[INFORMATION SUPPLIED]:
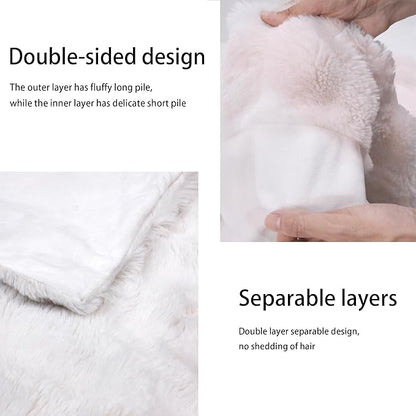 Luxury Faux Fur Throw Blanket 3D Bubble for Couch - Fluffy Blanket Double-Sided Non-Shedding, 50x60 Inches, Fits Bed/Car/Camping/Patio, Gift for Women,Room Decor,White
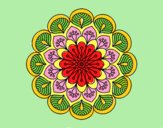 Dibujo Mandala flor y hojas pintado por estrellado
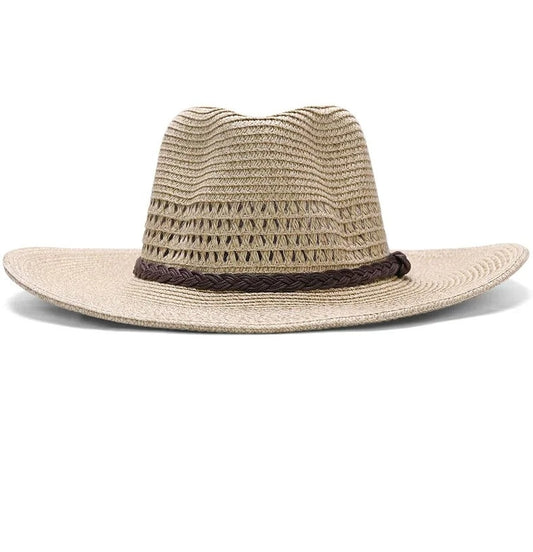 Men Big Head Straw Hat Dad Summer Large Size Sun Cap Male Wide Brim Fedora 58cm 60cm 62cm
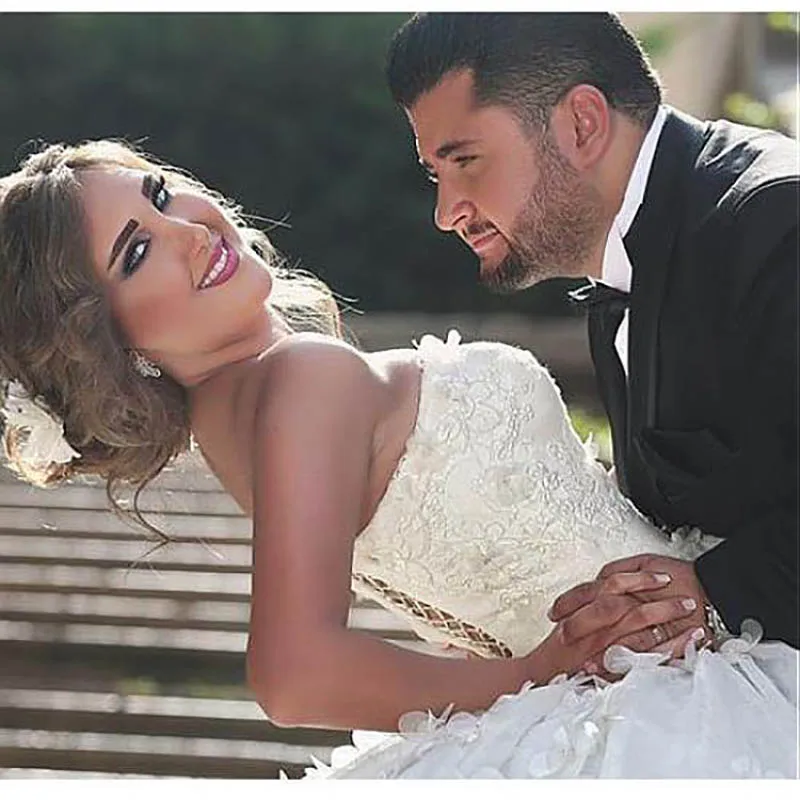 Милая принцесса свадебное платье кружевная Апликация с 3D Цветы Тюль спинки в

[TASK GOAL]: Without the pictures, transcribe exactly the lines above from the one containing "Dibujo Mandala flor" through the last.

[TASK RESULT]:
 Dibujo Mandala flor y hojas pintado por estrellado
 Men Big Head Straw Hat Dad Summer Large Size Sun Cap Male Wide Brim Fedora 58cm 60cm 62cm
 Милая принцесса свадебное платье кружевная Апликация с 3D Цветы Тюль спинки в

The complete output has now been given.